Glenn Wharton discusses Artist Intent at the 43rd Annual AIC Meeting, EMG/OSG/VOCA Session

In his talk “Artist Intentions and the Conservation of Contemporary Art,” Glenn Wharton called for the abandonment of the term “artist intent,” arguing that it doesn’t serve the field of conservation well. This is a bold statement. Sure, we have observed that artists speak through filters — memory, evolving interests, or motivations — and in short, everything must be taken with a grain of salt. But who better to articulate an artist’s intentions than that primary source?

But as Glenn pointed out, defining the intentions of the creator is now well-trodden territory across the humanities (for a bite-sized meditation on authorship, see this New York Times Magazine column, thanks to Jim Coddington for the link). Art criticism, too, explored the subject some 50 years ago, with anti-intentionalists arguing that the artist is actually unable to truly express her intentions, because the idea is still in her head. Conservation—or this conservator, anyway—is only now catching up.

Theory aside, Glenn drew from his own experiences as the Media Conservator at the Museum of Modern Art to demonstrate the ambiguity of the term “artist intent.” He would interview artists for insights into their works, sometimes many years after their creation.
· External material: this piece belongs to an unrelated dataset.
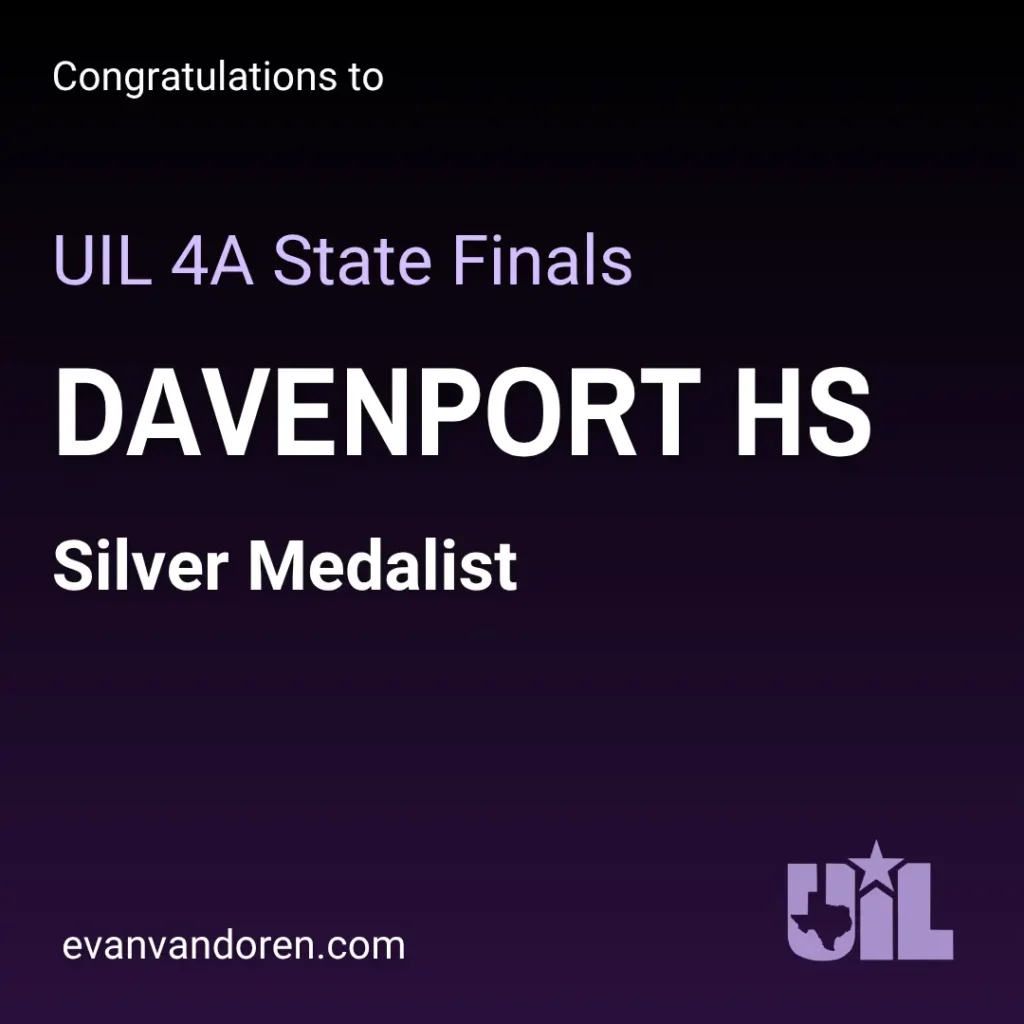 Davenport HS Band UIL State Marching Contest Evan VanDoren Music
Case studies he presented highlighted several key observations:

A. What the artist defines as a work’s essential qualities for re-exhibition are not necessarily apparent in the original installation (for Bruce Nauman, it was the images in his Think, rather than the display equipment; for John Maeda, it was the recorded interaction between viewer and work in the original iteration of Reactive Books, rather than a reconstructed installation).
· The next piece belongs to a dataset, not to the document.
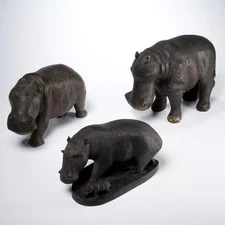 Vintage African Carved Wood Hippo Statue Lot of 3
B. The artist’s attitude towards her work changes over time (for example, Marianne Viero’s fading interest in the compositional problems of her installation Modern Indoor Gardening, which initially had a strong effect on the piece’s outcome as she “worked them out”).

C. The artist does not necessarily want to be the one to make decisions about how her work will be shown (e.g. Nam Jun Paik’s practice of delegating decisions about display equipment to others, which seems to embrace the fact that new iterations are co-produced with the involved staff at any given institution).
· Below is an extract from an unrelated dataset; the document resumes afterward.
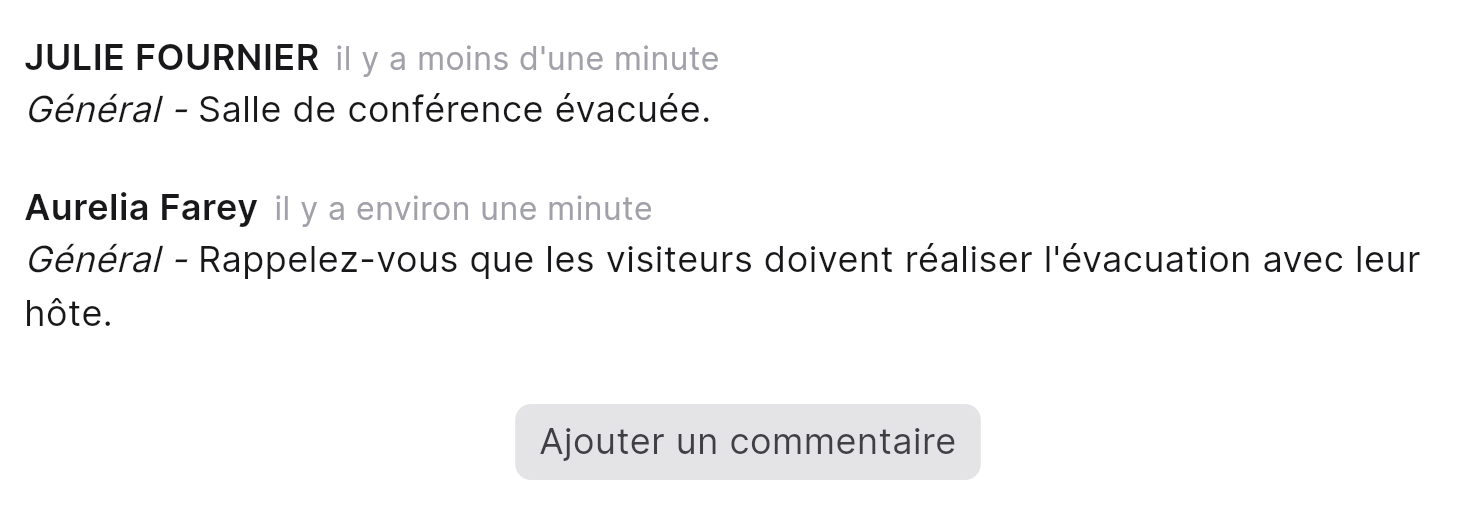 Des commentaires sont ajoutés au rapport d'évacuation partagé en temps réel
While point A suggests speaking to artists about their intentions is essential to showing their work properly in the future, B & C argue that what artists say about their work is never absolute or unchanging—qualities we might ascribe to the word “intent.” Having pointed out the inherent limitations of “artist intent,” Glenn suggested we instead use the term, “artist sanction.” Coined by Sherri Irvin in her 2005 essay, “The Artist’s Sanction in Contemporary Art,” the artist’s sanction is simply what an artist says about her work in the time she said it, nothing more.

This more nuanced approach made the term “artist intent,” or at least our use of it, suddenly sound archaic to me. Built into the word “sanction” is context and objectivity: unlike “intent” it doesn’t claim to reclaim an earlier, potentially unreachable, state of mind. Just as the once ubiquitous term “reversibility” is now being replaced with the more apt, “retreatability” to describe what we often aim for with our conservation interventions, “artist sanction” is a result of our discipline’s evolution.

Putting theory to practice, Glenn proposed a working model for museum professionals, wherein the artist is given a privileged spot at the table when decisions need to be made about exhibition and preservation. But the table also has space for a range of professionals, including curators, art historians, conservators and, occasionally, the public, who examine and interpret the artist’s sanction, bringing their own understanding to the ultimate (re)production of the work.